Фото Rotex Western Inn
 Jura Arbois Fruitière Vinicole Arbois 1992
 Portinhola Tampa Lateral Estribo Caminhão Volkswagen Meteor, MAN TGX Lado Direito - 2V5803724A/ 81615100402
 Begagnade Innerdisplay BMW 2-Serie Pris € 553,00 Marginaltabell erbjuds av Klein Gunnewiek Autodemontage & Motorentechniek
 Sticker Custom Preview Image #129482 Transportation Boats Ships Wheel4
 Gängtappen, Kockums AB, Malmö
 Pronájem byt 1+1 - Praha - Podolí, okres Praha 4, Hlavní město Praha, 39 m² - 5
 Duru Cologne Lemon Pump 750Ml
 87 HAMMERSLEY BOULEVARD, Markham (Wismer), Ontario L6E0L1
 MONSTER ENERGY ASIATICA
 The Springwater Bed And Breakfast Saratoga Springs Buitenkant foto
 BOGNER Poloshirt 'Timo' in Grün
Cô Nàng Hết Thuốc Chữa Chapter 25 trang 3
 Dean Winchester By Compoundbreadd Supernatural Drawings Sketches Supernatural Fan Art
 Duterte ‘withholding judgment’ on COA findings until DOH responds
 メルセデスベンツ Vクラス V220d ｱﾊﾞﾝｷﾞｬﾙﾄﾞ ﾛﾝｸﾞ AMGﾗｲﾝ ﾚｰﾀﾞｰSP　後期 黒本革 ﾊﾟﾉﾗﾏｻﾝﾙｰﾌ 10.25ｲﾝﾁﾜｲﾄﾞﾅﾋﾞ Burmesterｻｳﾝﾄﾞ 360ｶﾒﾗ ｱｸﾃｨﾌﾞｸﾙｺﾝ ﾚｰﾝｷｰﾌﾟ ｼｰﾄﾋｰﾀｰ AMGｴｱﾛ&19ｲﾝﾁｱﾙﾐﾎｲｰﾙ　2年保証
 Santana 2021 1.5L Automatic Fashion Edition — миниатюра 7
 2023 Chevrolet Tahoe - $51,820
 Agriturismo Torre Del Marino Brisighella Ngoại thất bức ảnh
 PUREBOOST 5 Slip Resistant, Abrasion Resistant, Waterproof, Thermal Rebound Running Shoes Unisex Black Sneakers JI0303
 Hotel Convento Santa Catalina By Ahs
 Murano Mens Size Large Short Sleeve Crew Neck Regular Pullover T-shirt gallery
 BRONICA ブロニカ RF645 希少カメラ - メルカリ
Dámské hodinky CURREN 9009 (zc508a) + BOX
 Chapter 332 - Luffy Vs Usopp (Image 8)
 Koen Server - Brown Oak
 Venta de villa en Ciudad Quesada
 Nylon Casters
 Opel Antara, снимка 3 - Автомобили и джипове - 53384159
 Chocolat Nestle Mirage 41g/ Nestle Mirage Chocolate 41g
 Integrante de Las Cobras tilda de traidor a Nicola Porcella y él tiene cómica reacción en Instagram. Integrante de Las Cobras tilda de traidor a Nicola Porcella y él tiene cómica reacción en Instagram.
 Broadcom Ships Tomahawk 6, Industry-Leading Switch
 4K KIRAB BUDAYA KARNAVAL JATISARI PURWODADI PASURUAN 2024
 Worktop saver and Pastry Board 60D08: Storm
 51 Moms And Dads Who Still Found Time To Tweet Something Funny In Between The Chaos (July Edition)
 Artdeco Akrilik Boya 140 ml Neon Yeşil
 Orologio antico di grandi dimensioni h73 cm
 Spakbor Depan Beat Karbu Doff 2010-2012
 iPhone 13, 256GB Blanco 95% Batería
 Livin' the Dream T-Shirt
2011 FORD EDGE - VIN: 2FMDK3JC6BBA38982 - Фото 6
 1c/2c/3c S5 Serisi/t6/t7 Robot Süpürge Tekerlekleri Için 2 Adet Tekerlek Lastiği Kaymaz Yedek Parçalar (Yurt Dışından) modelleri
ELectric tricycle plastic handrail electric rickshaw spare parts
= = =
Problem description: Copy, without any change, the run of lines from the one with "Livin' the Dream T-Shirt" through the end of the entries above.

Solution to this exercise:
 Livin' the Dream T-Shirt
2011 FORD EDGE - VIN: 2FMDK3JC6BBA38982 - Фото 6
 1c/2c/3c S5 Serisi/t6/t7 Robot Süpürge Tekerlekleri Için 2 Adet Tekerlek Lastiği Kaymaz Yedek Parçalar (Yurt Dışından) modelleri
ELectric tricycle plastic handrail electric rickshaw spare parts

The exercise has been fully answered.